Reply
Regular Contributor
Posts: 157
Registered: ‎06-07-2010

My loss . . . (for secularists only).

She died on August 12, 2011 at approximately 6:15 PM. I was not there. I had seen her the day before and had said “goodbye” then and on prior visits (almost every other day for over a month). Rick, Susie, and Kristy were there. They have said it was “horrible,” that she had fought for every last breath, and I should be glad I wasn’t there. I am not glad, I would have wanted to be with her on that last day, as I was with my mother over 44 years ago. Mom, in a coma, took just one last breath, a long deep sigh, she did not fight. It was not “horrible.”

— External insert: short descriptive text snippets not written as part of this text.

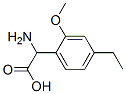 Benzeneacetic acid, alpha-amino-4-ethyl-2-methoxy- (9CI) Struktur
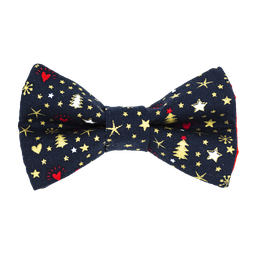 Noeud papillon "Christmas Love" bleu marine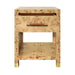 Worlds Away - One Drawer Side Table With Rattan Wrapped Handle In Burl Wood - PELHAM BW - GreatFurnitureDeal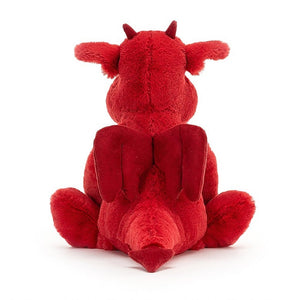 JELLYCAT - peluche bashful red dragon medium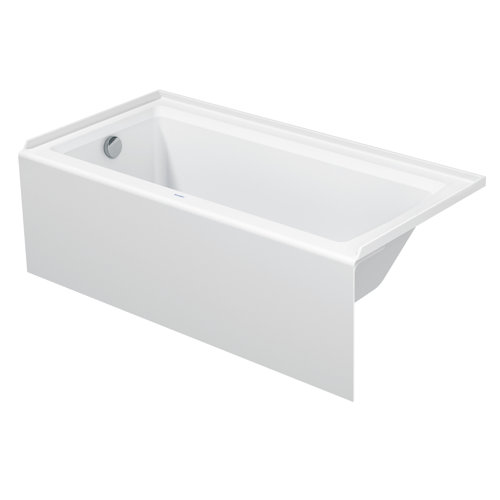 Duravit Architec 60" x 30" Alcove Soaking Acrylic Bathtub & Reviews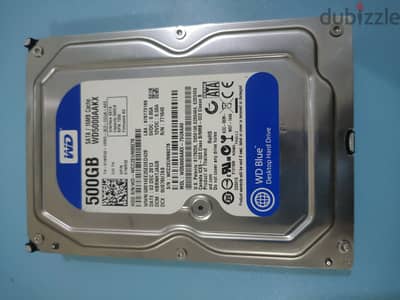 HDD Western 1 T. B & 500 GB / هارد ديسك 1 تيرا & 500 جيجا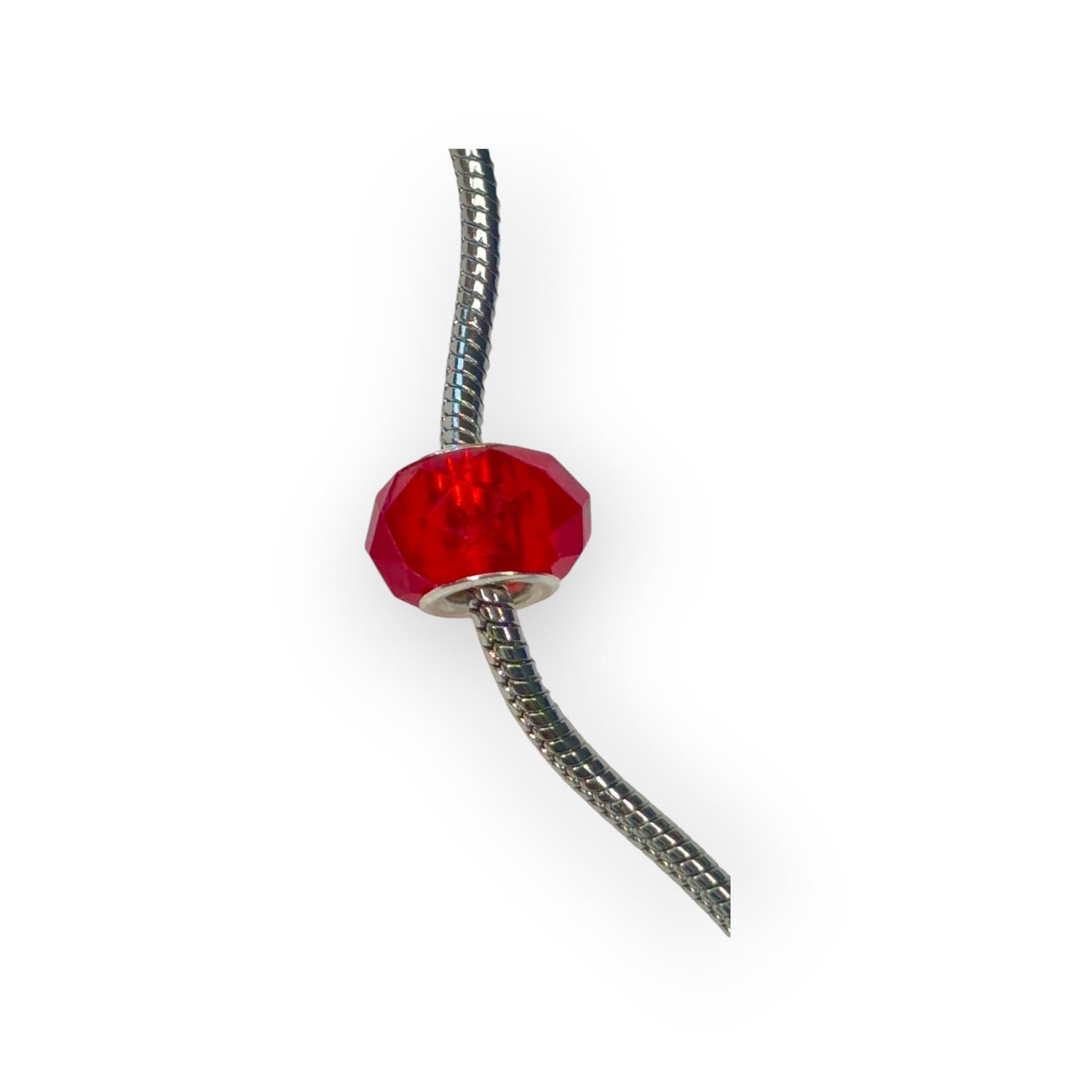 Charm esfera cristal rojo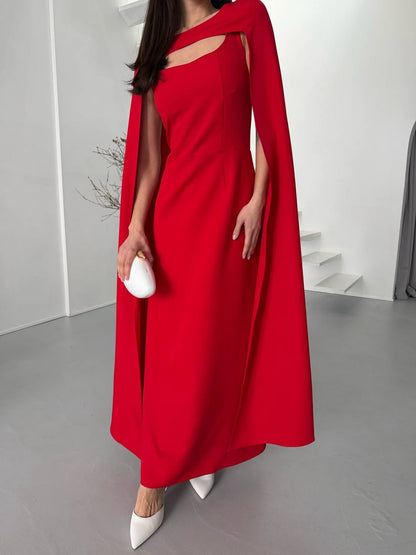 Set: Dress + cape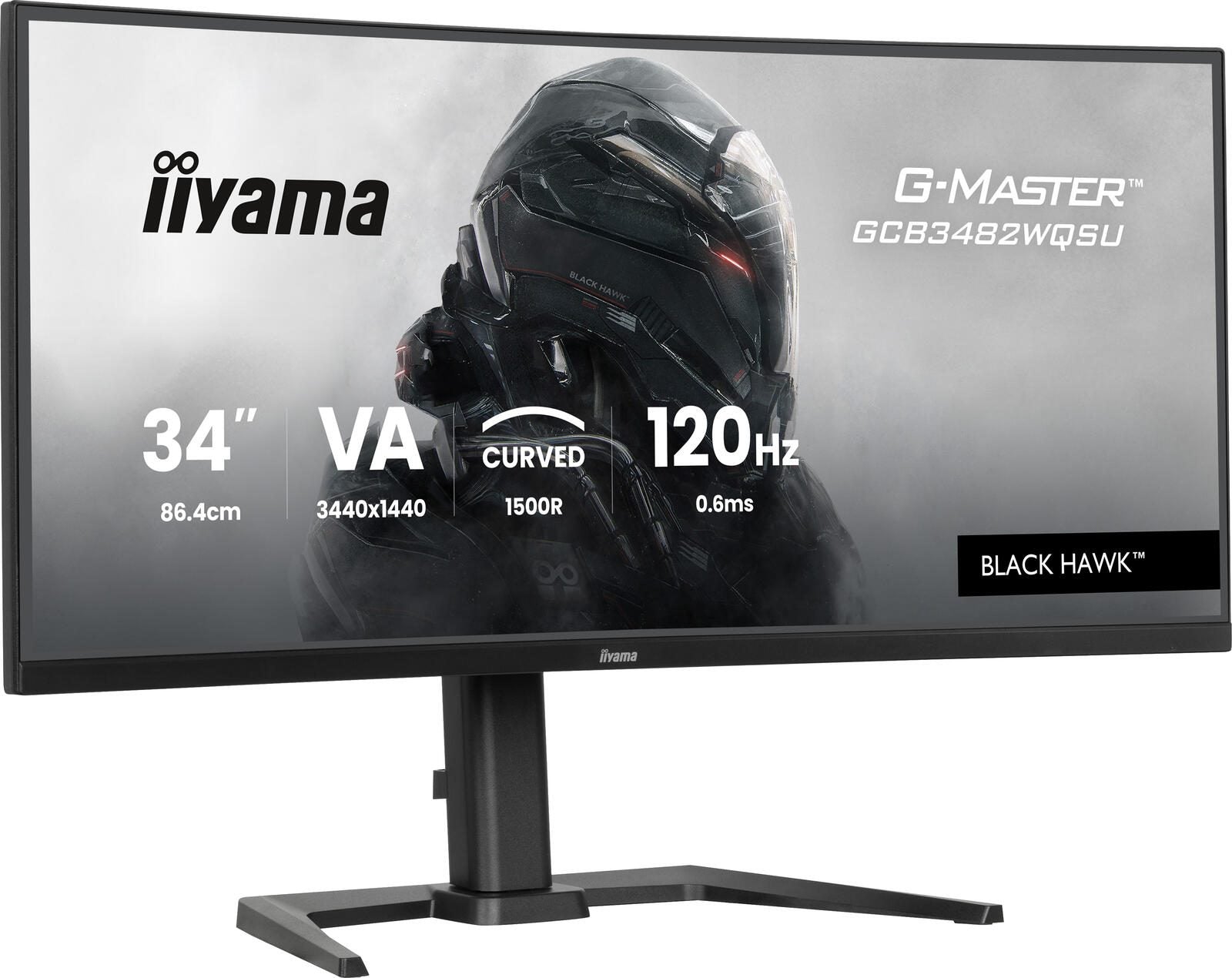 iiyama GCB3482WQSU-B1 UltraWide Quad HD Curved Gaming Display 86,4 cm (34')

Of course Pat would fight. She was a fighter, she fought so bravely for months, she kept going even when she couldn’t eat nor drink. She was a mere skeleton, maybe 70 lbs., skin covering her bones with nothing in between. Sometimes she would awaken and seem quite normal, she still wanted that last cigarette. Other times, she would awaken and look at me wanly, as much of a smile as she could manage and I would say, “I love you,” and she would say “I love you too.” I did lose it once, the next to last visit, when my tears mingled with hers as she put her hand on my face and I buried my face in hers. If she knew she was dying, she did not say the words. I had told her it was “ok to go” a week or so before that, and she had said “what do you mean?” I answered only “what I said,” and was sorry I had said it, she wasn’t ready to hear that.

On August 12, when I called Kristy and Susie and received no answer, and then called Rick and received no answer (I knew they were all there), I suspected. Then Erin texted me and asked me if I wanted her to come over. I replied “yes, if you want to,” I still wasn’t sure. Then Megan called and said she was coming over, and Erin texted “it’s happening now.” It was about ten minutes to 6. That’s when I knew. That’s when sounds that had never come out of my body before, even when my dear mother died there were tears and sobs, but not sounds like this. It was a series of long, quiet wails, sometimes almost grunts, and I had no control over them, and they didn’t stop, they just kept coming, one after another. At one point they stopped and I could then think, “my sister has died.” Then they started again, and again, I was deep into a stream of them that I couldn’t control. I felt paralyzed. I wanted to get to my bed, but I could not move.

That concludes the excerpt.